Typically these occur where a tunnel changes diameter, where it branches, or where two TBMs working from each end of the tunnel meet at the centre. Often these points coincide with obstructions on the ground above. Kawasaki has developed a range of options to cope with these circumstances, starting with the 'double stage' TBM.
On this the shield is made up of two concentric sections. At the point at which the tunnel diameter reduces, the outer annulus is discarded and the centre section carries on to bore the smaller diameter.
Dealing with a 4.24m diameter branch from a 7.26m diameter main tunnel required the development of a 'mother and child' earth pressure balance machine. As the larger diameter 'mother' TBM approaches the junction operatives begin to assemble a smaller diameter shield within its body. At the junction point a port opens in the side of the mother and the 'child' is launched, to carry on independently up the branch. Kondo said that mother TBMs carrying up to three children were already on the drawing board.
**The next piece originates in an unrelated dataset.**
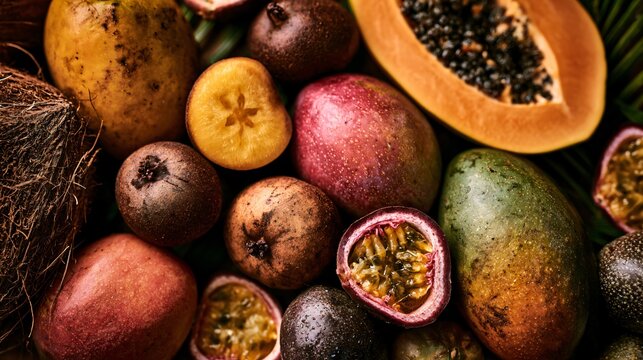 A tropical abundance composition featuring sapodilla fruit paired with mangoes, papayas, coconuts, and passion fruit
'Docking' TBMs that met at the centre of a tunnel were another option described. After docking and sealing together the shields could be left in place and the main components of the TBMs could then be dismantled and removed back through the original access shafts. The docked shields would eventually disappear behind the lining.
Constructing a tunnel from one valley through a mountain range to another valley is usually a relatively straightforward operation, provided enough is known about the geology of the strata on the route. A pilot bore is often advisable. But when Kawasaki was asked to produce a small diameter TBM to carry out two pilot bores along the projected route of parallel drill and blast road tunnels in Japan, it was faced with a special challenge.
Kondo explained that access to one valley was relatively uncomplicated, and launching a TBM into the mountain was a routine operation. The exit valley, however, was very steep sided. Recovering the TBM after the first drive and relaunching it back into the parallel bore was totally impractical. Kawasaki's solution was radical.
A three-section fully articulated TBM was produced. As it neared the end of the first drive it began a tight 30m radius turn through 180degrees, eventually returning back along the line of the second tunnel to the launch valley.
On the square
'Hybrid' TBMs which can cope with ground conditions varying from hard rock to soft, fissured water-bearing strata on a single drive are another recent addition to Kawasaki's range. But it was the description of machines which could produce non-circular cross sections that really set the meeting alight.
First up was a range of machines the manufacturer has dubbed 'H&V'. These are capable of boring two circular parallel bores at the same time, arranged at any angle to each other from the horizontal to the vertical. Kondo said that two overlapping bores involved a complicated lining which took longer than usual to assemble, but it was possible to bore them far enough apart for conventional segments to be used.
Very different diameters for the two bores are possible, as are 'platform bores', where auxiliary overlapping small diameter shields each side of the main shield bore out the areas for station platforms.
Very large box-section tunnels - to house major stations, for example - can be constructed with the 'multimicroshield' TBM. This effectively excavates vertical and horizontal rectangular slots which are then backfilled with concrete to form the main tunnel structure. But it was Kawasaki's prototype machine for boring square section tunnels that first drew gasps from the audience.
Kondo showed a brief video that clearly illustrated how a conventional rotating shield fitted with auxiliary planetary action cutters was capable of excavating a square face. Hardly had the audience absorbed the impact of this unconventional concept when Kondo introduced something even more revolutionary - the DPLEX series.
This tackles head on the main practical problem associated with using rotating cutters to bore the tunnel - the fact that the cutters near the outside of the shield travel much further and faster than those closer to the centre. Uneven wear is inevitable, and high torque is needed to drive the cutters.
Kawasaki's solution is an oscillating shield driven by parallel links. All cutters travel equivalent distances, so wear is equalised and the interval between cutter replacements is much longer. Drive torque is much lower. Best of all, almost any cross section of tunnel can be produced - 'even triangular, if you want it', Kondo added, to the astonished the audience.
Kondo raised the biggest laugh of the evening responding to a suggestion from the floor that DPLEX machines must be more expensive than the standard TBMs. With mock sadness he replied: 'Unfortunately not.'